• Instructions for the task:
Your response should consist of the entries below, reproduced exactly and without their images.

*** Information supplied ***

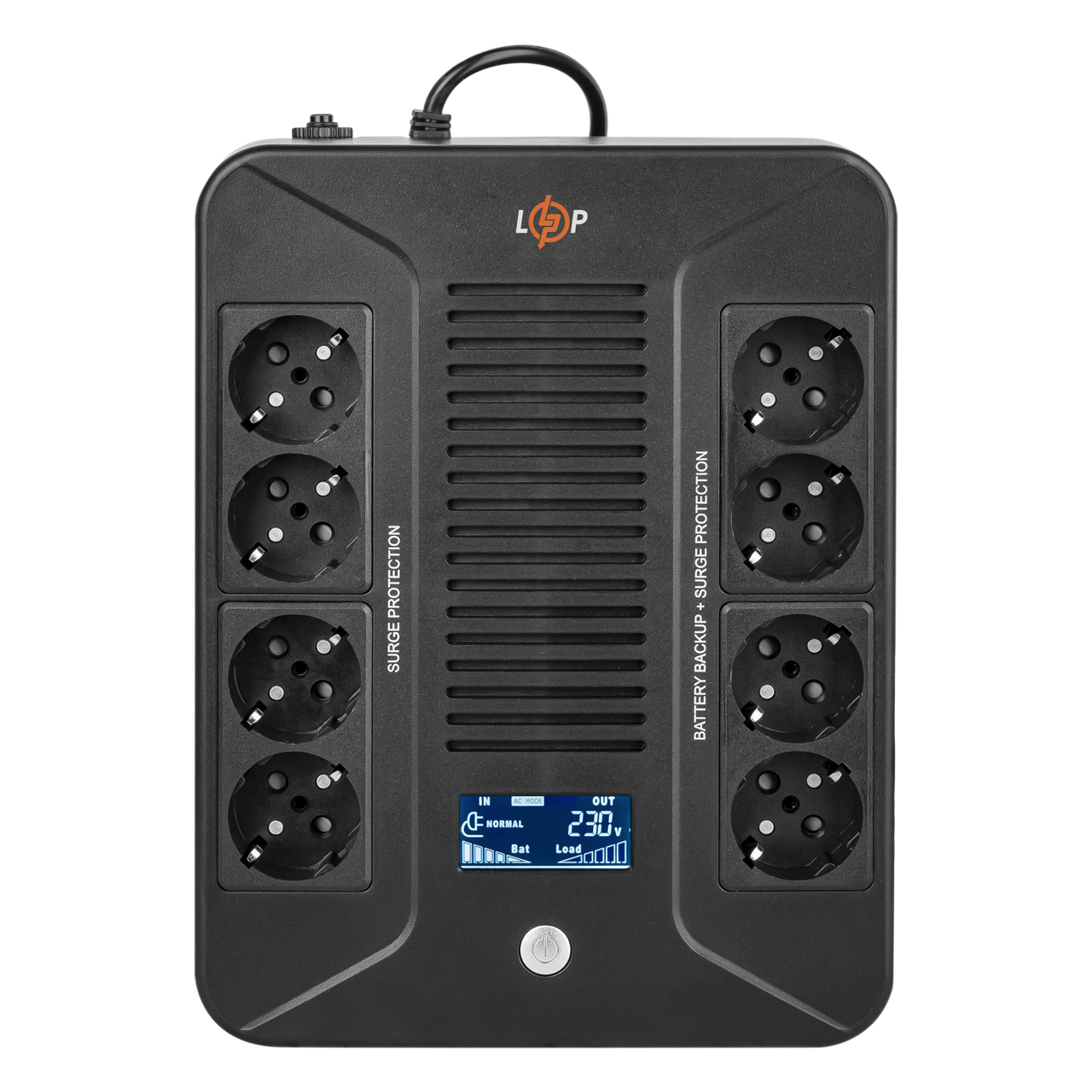 ИБП линейно-интерактивный LogicPower LP-UL1000VA-8PS 600 Вт - фото 1 ИБП линейно-интерактивный LogicPower LP-UL1000VA-8PS 600 Вт - фото 1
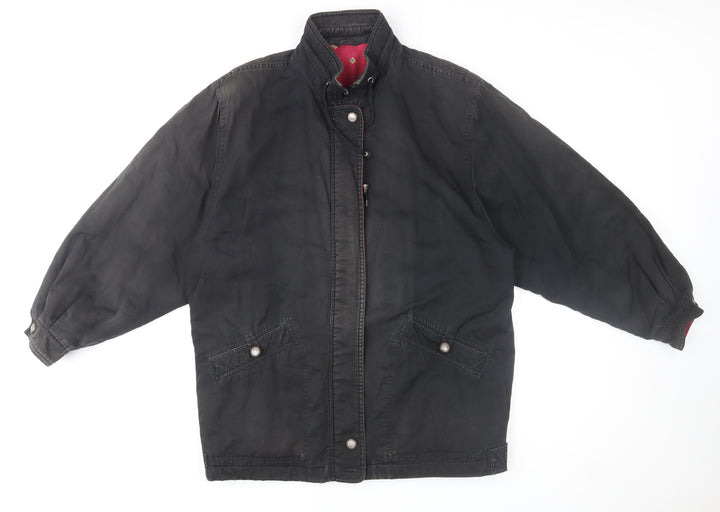 Marks and Spencer Women’s Black Cotton Lined Jacket Size 16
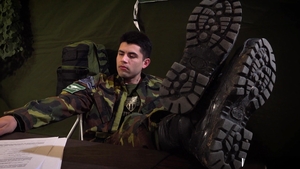 MilitaryDick: Jacketed Jock Pleasing Boss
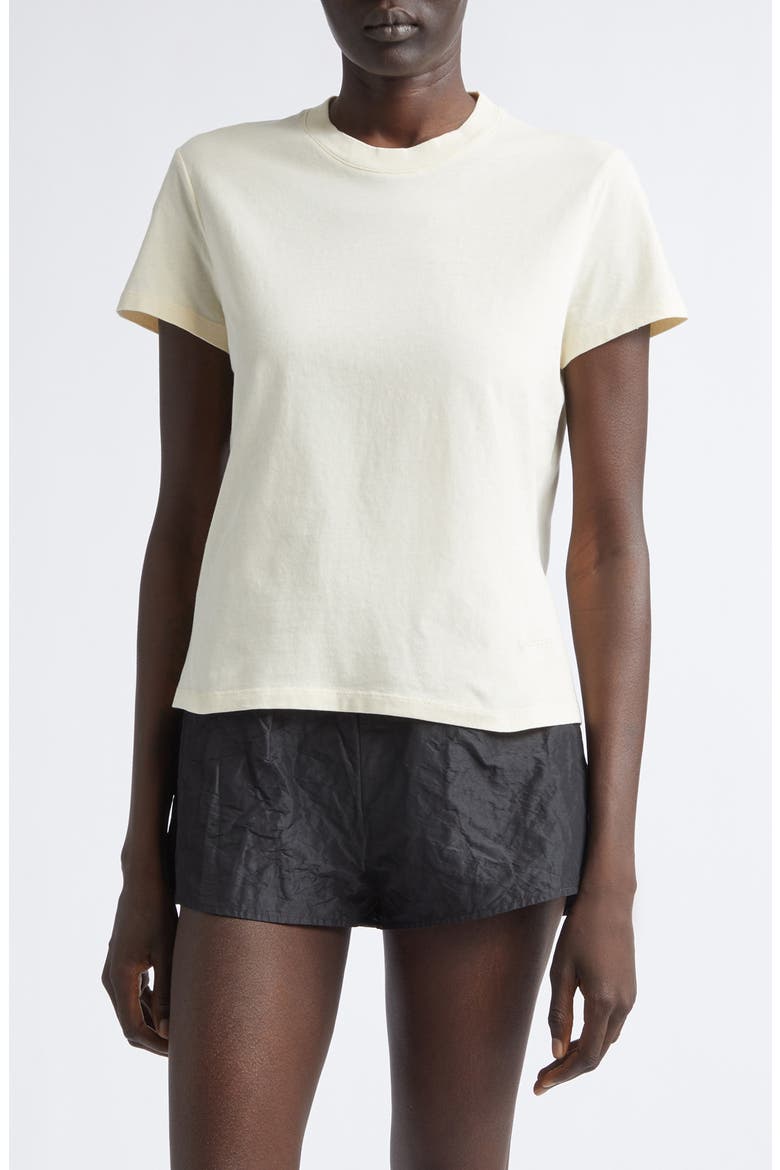 Kenzie Cotton T-Shirt, Main, color, VANILLA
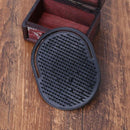 Pocket Travel Hair Comb Brush Men Beard Mustache Palm Scalp Massage Black Fad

***

• Task result:
 ИБП линейно-интерактивный LogicPower LP-UL1000VA-8PS 600 Вт - фото 1 ИБП линейно-интерактивный LogicPower LP-UL1000VA-8PS 600 Вт - фото 1
 Marks and Spencer Women’s Black Cotton Lined Jacket Size 16
 MilitaryDick: Jacketed Jock Pleasing Boss
 Kenzie Cotton T-Shirt, Main, color, VANILLA
 Pocket Travel Hair Comb Brush Men Beard Mustache Palm Scalp Massage Black Fad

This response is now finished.